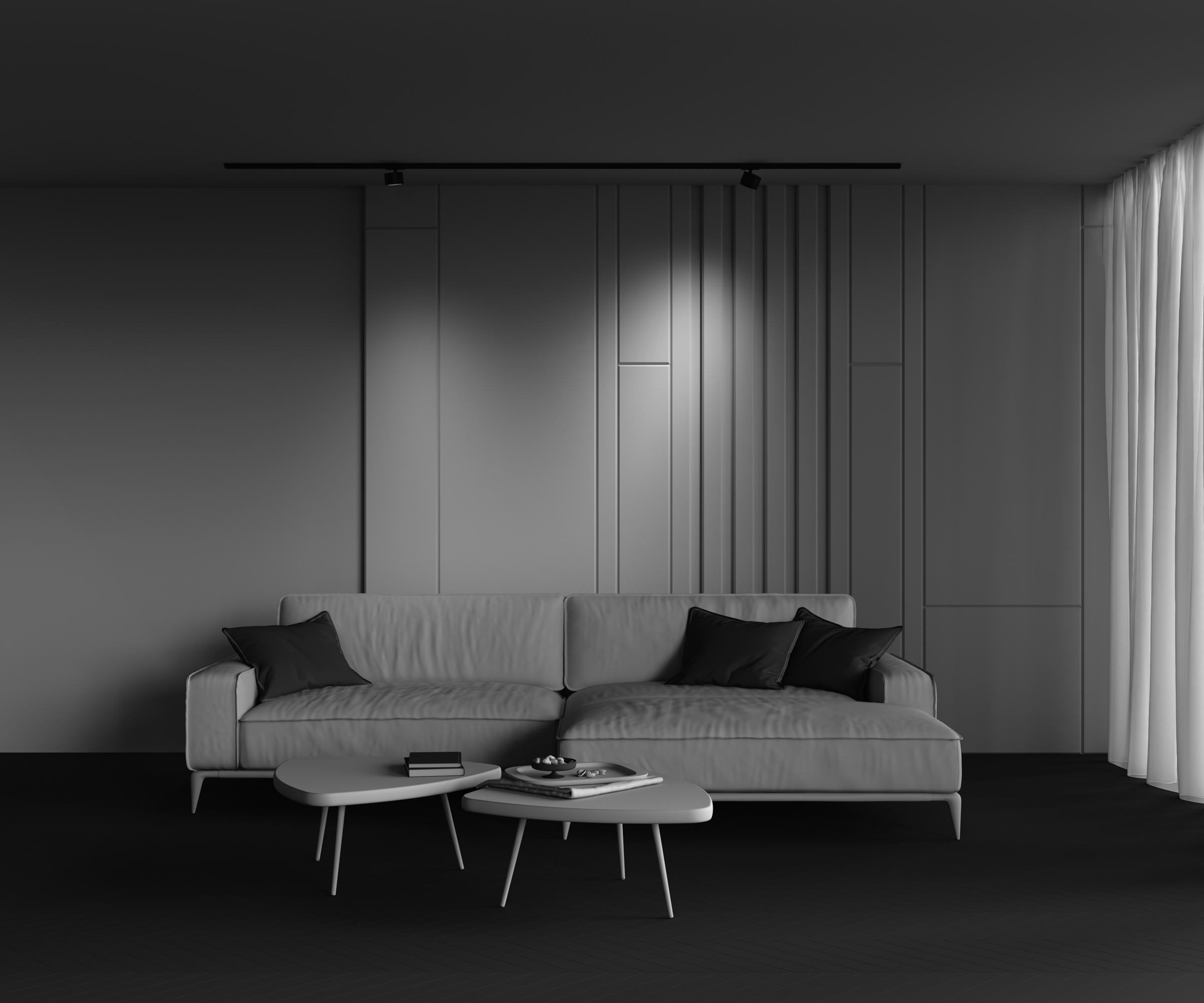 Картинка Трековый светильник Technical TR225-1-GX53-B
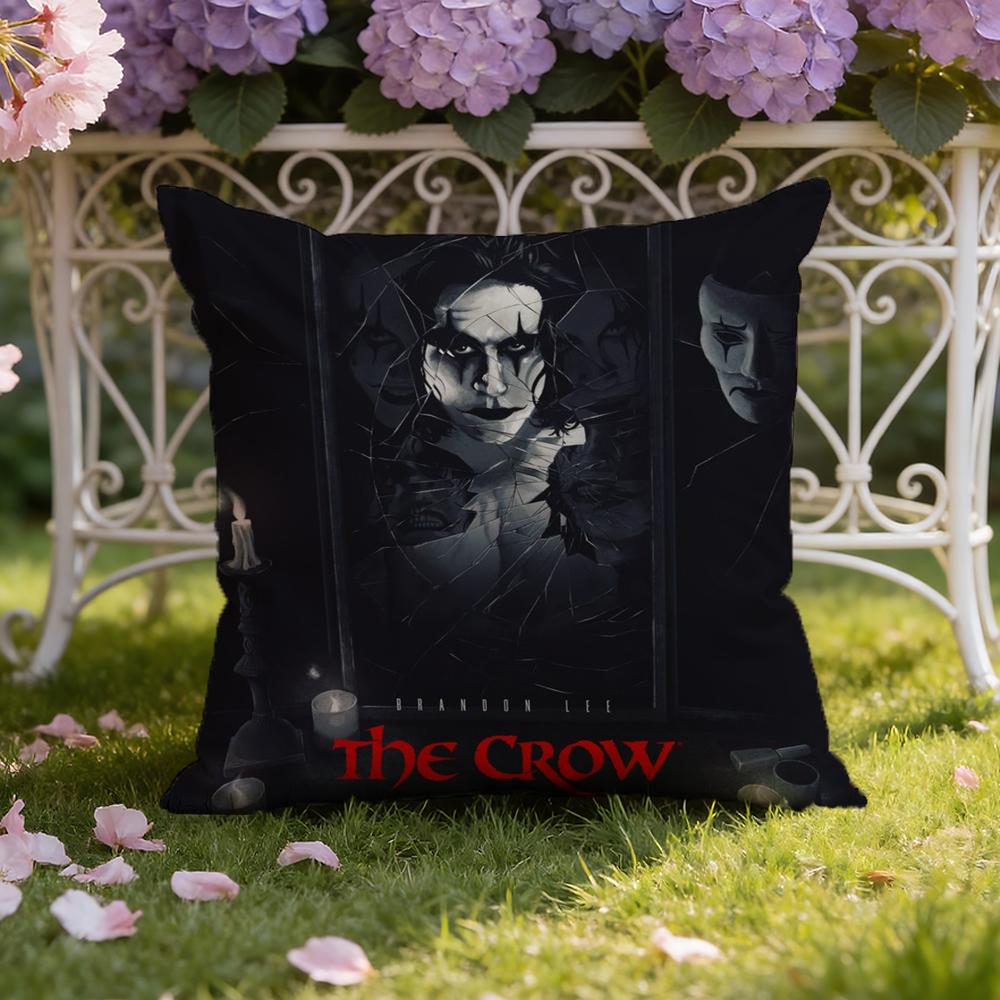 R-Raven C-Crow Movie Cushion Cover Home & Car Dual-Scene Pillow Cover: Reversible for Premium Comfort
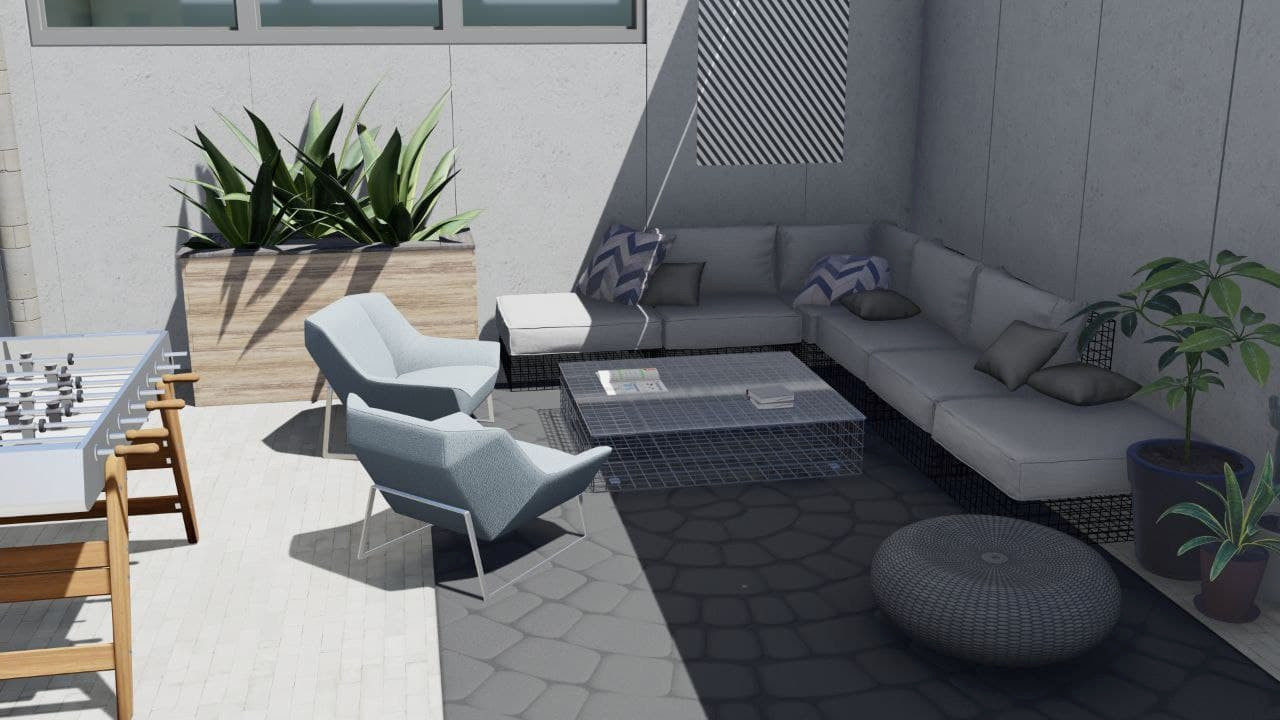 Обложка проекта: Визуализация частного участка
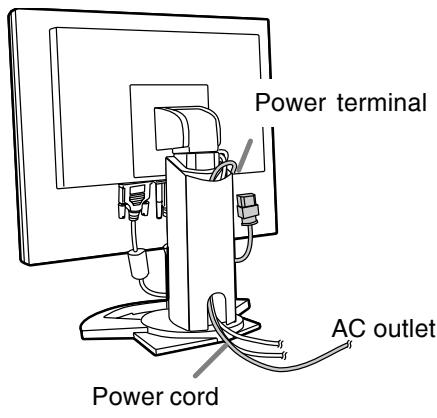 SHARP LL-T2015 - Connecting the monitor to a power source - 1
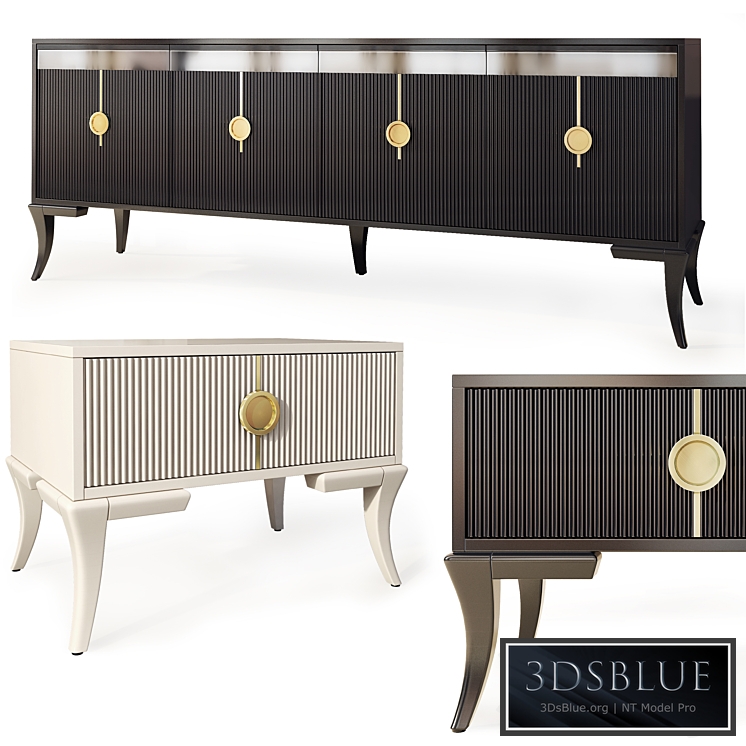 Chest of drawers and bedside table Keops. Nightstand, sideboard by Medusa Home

———

-- Activity --
Nothing but the lines from the line containing "Обложка проекта: Визуализация" through the last line of the material may be output, and they must be copied exactly, without pictures.

-- Exercise solution --
 Обложка проекта: Визуализация частного участка
 SHARP LL-T2015 - Connecting the monitor to a power source - 1
 Chest of drawers and bedside table Keops. Nightstand, sideboard by Medusa Home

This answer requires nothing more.